Setup docker for Kaggle
Here are some notes on setting up docker for Kaggle (especially on installing and enabling nbextensions). I had to do this from time to time and wanted to write the steps down for the record. I put it here in case it’s useful for someone else.
Why use docker for Kaggle
Kaggle is a good place to learn machine learning and data science. I think its docker image is a good option for data science development environment for two scenarios:
- if I want to do local experiments for Kaggle’s kernel-only competitions, this is exactly the same environment of Kaggle kernels; and it is can be kept up-to-date by simply rebuilding the latest images.
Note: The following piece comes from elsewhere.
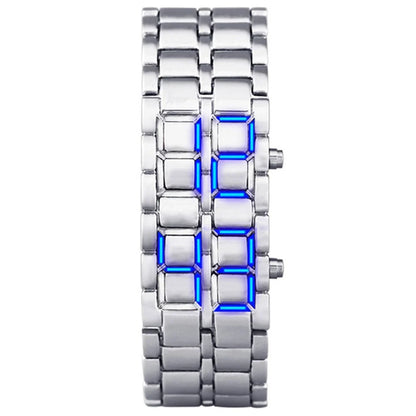 Men's Digital Lava LED Watch | Full Metal Sport Watch with Red Blue Display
- for everything else, the list of packages included in the image is built by the Kaggle community and therefore includes most useful tools that I know or don’t know about; this is much easier than building your own list of packages.
There are two images, CPU-only and GPU. The first is sufficient if you don’t have or need a GPU.
First, install docker if not already.
CPU-only image
It is easier than GPU partly because there is already an image stored on Google Container Registry and I can simply install the image by typing from the terminal.
docker pull kaggle/python
Put the following in .bash_profile
and run source .bash_profile
kjupyter() {
docker run -v $PWD:/tmp/working -w=/tmp/working -p 8888:8888 --rm -it kaggle/python bash -c "pip install jupyter_contrib_nbextensions; pip install jupyter_nbextensions_configurator; jupyter contrib nbextension install --user; jupyter notebook --notebook-dir=/tmp/working --ip='*' --port=8888 --no-browser --allow-root"
}
This command basically setups file directories and port forwarding, and runs jupyter notebook from within docker. (There are more details about the docker-run command on this blog post from Kaggle.) Now I can run kjupyter
from the terminal and go to http://localhost:8888/
for jupyter notebook.
About nbextensions
One issue I had with Kaggle’s docker image is that it does not have nbextensions out of the box, and these extensions (e.g., table of content) are very useful in the notebook environment. These lines in the definition of kjpyter
above solved that
pip install jupyter_contrib_nbextensions; pip install jupyter_nbextensions_configurator; jupyter contrib nbextension install --user;
GPU image
Unlike CPU image, this does not have an image in the repo so you can’t run docker pull
like before. Instead, follow the instructions here, clone the git repository of Kaggle docker by running
git clone https://github.com/Kaggle/docker-python.git
Under the project root docker-python/,
run ./build --gpu
.
Like before, put the following in .bash_profile
and run source .bash_profile
kjupyter() {
docker run --runtime=nvidia -v $PWD:/tmp/working -v /data:/tmp/working/data -w=/tmp/working -p 8888:8888 --rm -it kaggle/python-gpu-build bash -c "export LD_LIBRARY_PATH=/usr/local/cuda/lib64; pip install jupyter_contrib_nbextensions; pip install jupyter_nbextensions_configurator; jupyter contrib nbextension install --user; jupyter notebook --notebook-dir=/tmp/working --ip='*' --port=8888 --no-browser --allow-root"
}
This line in the above definition of kjupyter
solves a problem with using GPU. (This link has some background.)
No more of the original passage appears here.